Beating colon cancer with AI
UCI Health applies ‘game changing’ technology to improve screening
Dr. William Karnes’ directive when he arrived at UCI Health was nothing less than wiping out colorectal cancer in Orange County.
Although it is the second leading cause of U.S. cancer deaths, colorectal cancer is highly curable – even preventable – with early detection during regular screenings.
The veteran gastroenterologist assessed his three-prong challenge:
“If everyone of screening age got a colonoscopy and every physician was doing the procedure well, we could reduce the risk by 90 percent nationally,” Karnes says. “But people think it’s an embarrassing procedure, and the colon prep isn’t fun.
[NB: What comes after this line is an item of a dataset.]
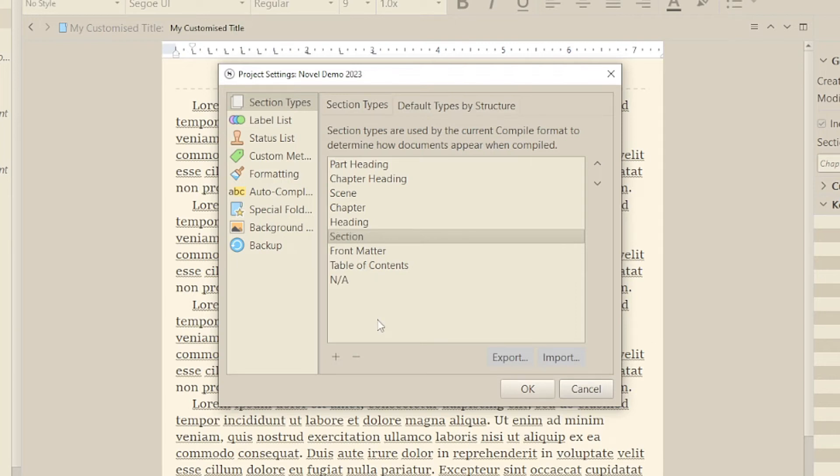This is more likely to be necessary if you're writing non-fiction, which might have more unique required layouts than your average novel.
It’s an easy test for people to put off.”
Gathering the data
First Karnes set to work improving UCI Health colonoscopy detection rates. He began by amassing an impressive database of images collected during colonoscopies.
Within a year, the tens of thousands of images helped him and fellow gastroenterologists at the H.H. Chao Comprehensive Digestive Disease Center increase their already good overall detection rates by 50 percent.
To improve further, Karnes tapped the power of artificial intelligence with Andrew Ninh, an information technology expert at UCI’s Beall Applied Innovation center.
They matched hundreds of thousands of images – the world’s largest data set of benign, precancerous and confirmed malignant polyps – with deep-learning algorithms to develop a smarter, faster scan.
AI polyp detector: ‘A game-changer’
The result is the AI Polyp Detector, developed by Ninh and Karnes at Docbot, a medical informatics startup they co-founded at UCI. When used during a colonoscopy, the software gives physicians real-time analysis that dramatically increases their ability to spot and remove polyps — with more than 96 percent accuracy.
“It’s a game-changer,” Karnes says of the AI software, which is incorporated with the camera device he uses to inspect the colon and small intestine during a colonoscopy.
“It takes about 10 milliseconds to process an image, which is four times faster than it needs to be run in real time. The doctor gets this feedback while watching the screen during a colonoscopy. It can spot a flat polyp that otherwise may be missed.”
Detection is key
All colorectal cancers begin as a benign polyp. The most common are adenomas, which take about 10 years to progress into colorectal cancer. With regular colonoscopies, these precancerous adenomas, can be identified and removed.
But the adenoma detection rate – or ADR – varies widely among colonoscopists. The AI polyp detector could ensure that all patients get a high-detection procedure no matter who their doctors are, Karnes says.
There is also potential for significant cost savings.
Instant analysis of polyps
Karnes and fellow UCI Health gastroenterologists using the AI software now send polyps they have removed to a pathologist for testing. It takes about two weeks for the lab to officially verify a polyp’s pathology.
The AI tool now can predict on the spot whether a polyp is precancerous or malignant with 94 percent accuracy.
With further refinements in software accuracy and widespread adoption of the technology, such testing for anything other than malignant polyps could save an estimated $1 billion in lab costs nationally, Karnes and Ninh say.
Making colon cancer obsolete
Meanwhile, he and other CDDC gastroenterologists are continuing to improve the AI algorithms with each colonoscopy they perform.
Karnes also is tackling another one of those obstacles to his goal: resistance to get getting a colonoscopy in the first place.
He has adopted a way to make them more comfortable, using water to help float the scope through the twists and turns of the intestines. The water bath has the added benefit of making hard-to-find flat polyps easier to see and remove.
And his colleague and UCI Health gastroenterologist Dr. Jason Samarasena, who is also part of Docbot’s leadership team, is testing a low-residue diet that may well make fasting and those colon prep drinks obsolete.
Wiping out colorectal cancer in Orange County may not be such a tall order after all.